Pictures within the data are to be left out; everything else must be reproduced exactly.

=== INFORMATION SUPPLIED ===

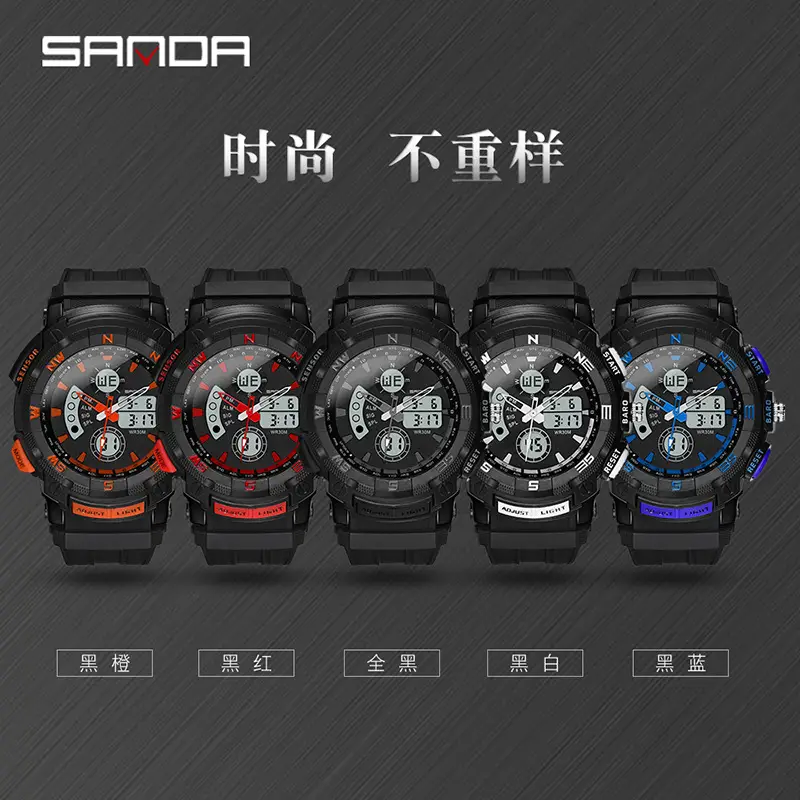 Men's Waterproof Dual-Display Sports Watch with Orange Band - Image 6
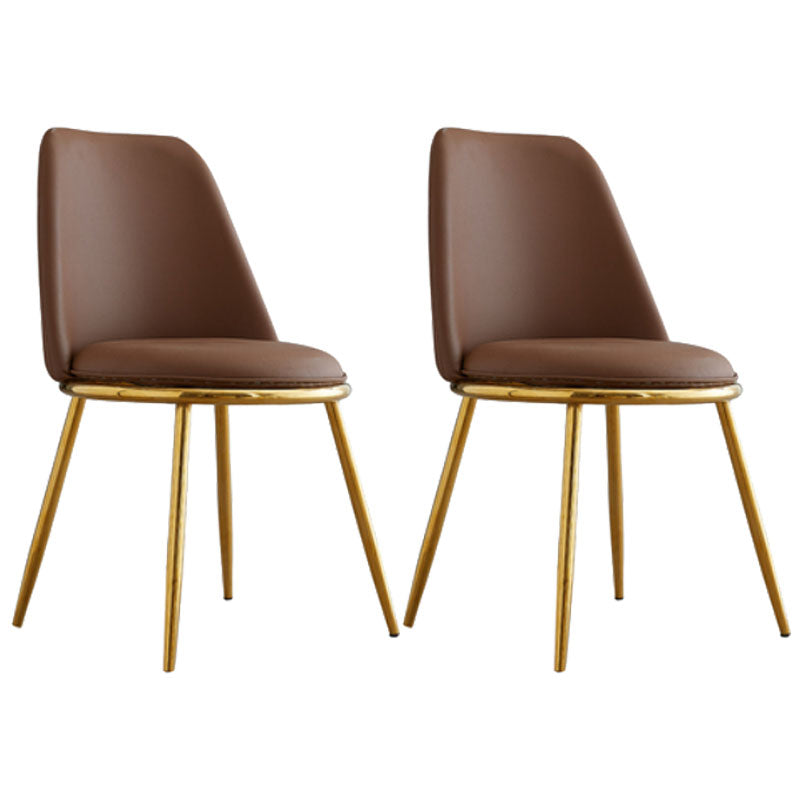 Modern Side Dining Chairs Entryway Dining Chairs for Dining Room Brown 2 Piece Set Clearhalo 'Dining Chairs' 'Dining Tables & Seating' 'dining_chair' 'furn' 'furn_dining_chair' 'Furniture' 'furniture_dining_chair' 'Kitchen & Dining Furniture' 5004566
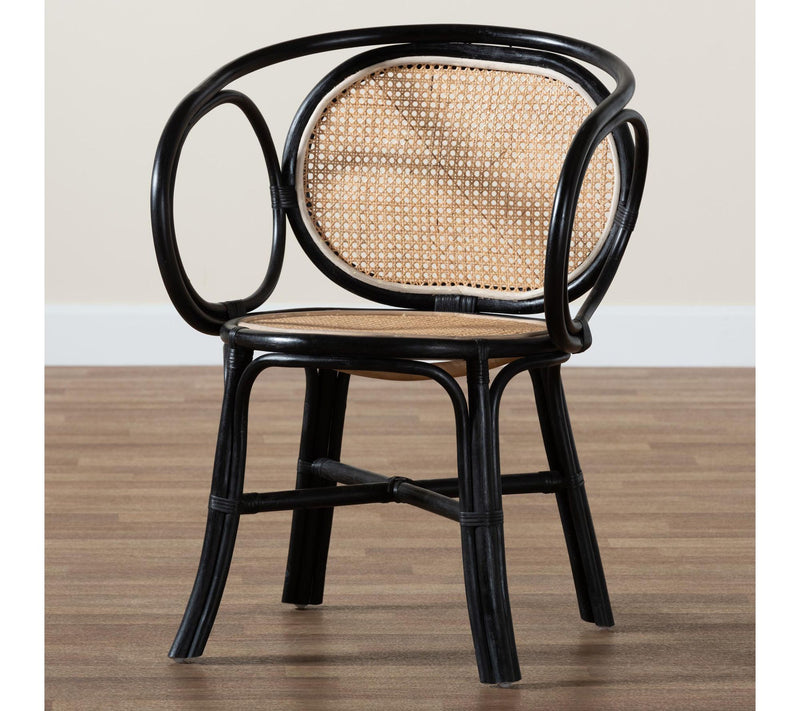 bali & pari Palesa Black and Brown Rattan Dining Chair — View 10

===

> _ANSWER SPACE_:
 Men's Waterproof Dual-Display Sports Watch with Orange Band - Image 6
 Modern Side Dining Chairs Entryway Dining Chairs for Dining Room Brown 2 Piece Set Clearhalo 'Dining Chairs' 'Dining Tables & Seating' 'dining_chair' 'furn' 'furn_dining_chair' 'Furniture' 'furniture_dining_chair' 'Kitchen & Dining Furniture' 5004566
 bali & pari Palesa Black and Brown Rattan Dining Chair — View 10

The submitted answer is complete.